PyPDF allows you to read text from PDFs, merge multiple PDFs into one, split PDFs into pages, rotate pages, encrypt/decrypt PDFs, and extract metadata. It integrates easily into Python scripts for automating document handling.

Reading a PDF

from pypdf import PdfReader
reader = PdfReader('document.pdf')
for page in reader.pages:
    print(page.extract_text())

Opens a PDF and extracts text from each page.

Merging PDFs

from pypdf import PdfMerger
merger = PdfMerger()
merger.append('file1.pdf')
merger.append('file2.pdf')
merger.write('merged.pdf')
merger.close()

Combines multiple PDFs into a single merged PDF.

Splitting a PDF

from pypdf import PdfReader, PdfWriter
reader = PdfReader('document.pdf')
writer = PdfWriter()
writer.add_page(reader.pages[0])
writer.write('page1.pdf')

Extracts the first page of a PDF and saves it as a new PDF.

Rotating pages

from pypdf import PdfReader, PdfWriter
reader = PdfReader('document.pdf')
writer = PdfWriter()
page = reader.pages[0]
page.rotate(90)
writer.add_page(page)
writer.write('rotated.pdf')

Rotates the first page of a PDF by 90 degrees and saves it.

Adding metadata

from pypdf import PdfReader, PdfWriter
reader = PdfReader('document.pdf')
writer = PdfWriter()
writer.append_pages_from_reader(reader)
writer.add_metadata({'/Author': 'John Doe', '/Title': 'Sample PDF'})
writer.write('document_with_metadata.pdf')

Copies pages from an existing PDF and adds author and title metadata.

Encrypting a PDF

from pypdf import PdfReader, PdfWriter
reader = PdfReader('document.pdf')
writer = PdfWriter()
writer.append_pages_from_reader(reader)
writer.encrypt('password')
writer.write('encrypted.pdf')

Encrypts a PDF file with a password.

Error Handling

FileNotFoundError: Ensure the PDF file path is correct.
PdfReadError: The PDF may be corrupted or encrypted.
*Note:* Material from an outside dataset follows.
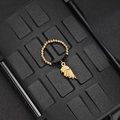 Macro detail of elastic beaded ring featuring golden wing charm and black faceted beads - Black Bead Wing Style (F-R584)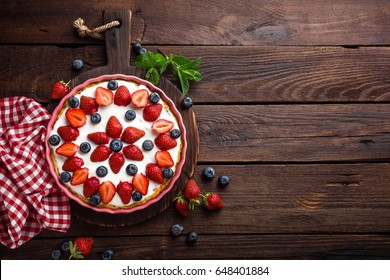 Delicious strawberry pie with fresh blueberry and whipped cream on wooden rustic table, cheesecake, top view - Powered by Shutterstock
Check the file integrity.
PermissionError: Ensure you have write permissions when creating or modifying PDFs.

Best Practices

Always close files or use context managers to avoid resource leaks.

Validate PDF input files before processing.

Use `PdfWriter` to create or modify PDFs instead of modifying `PdfReader` objects directly.

Keep backups when manipulating important PDFs.

Use metadata to improve document organization and searchability.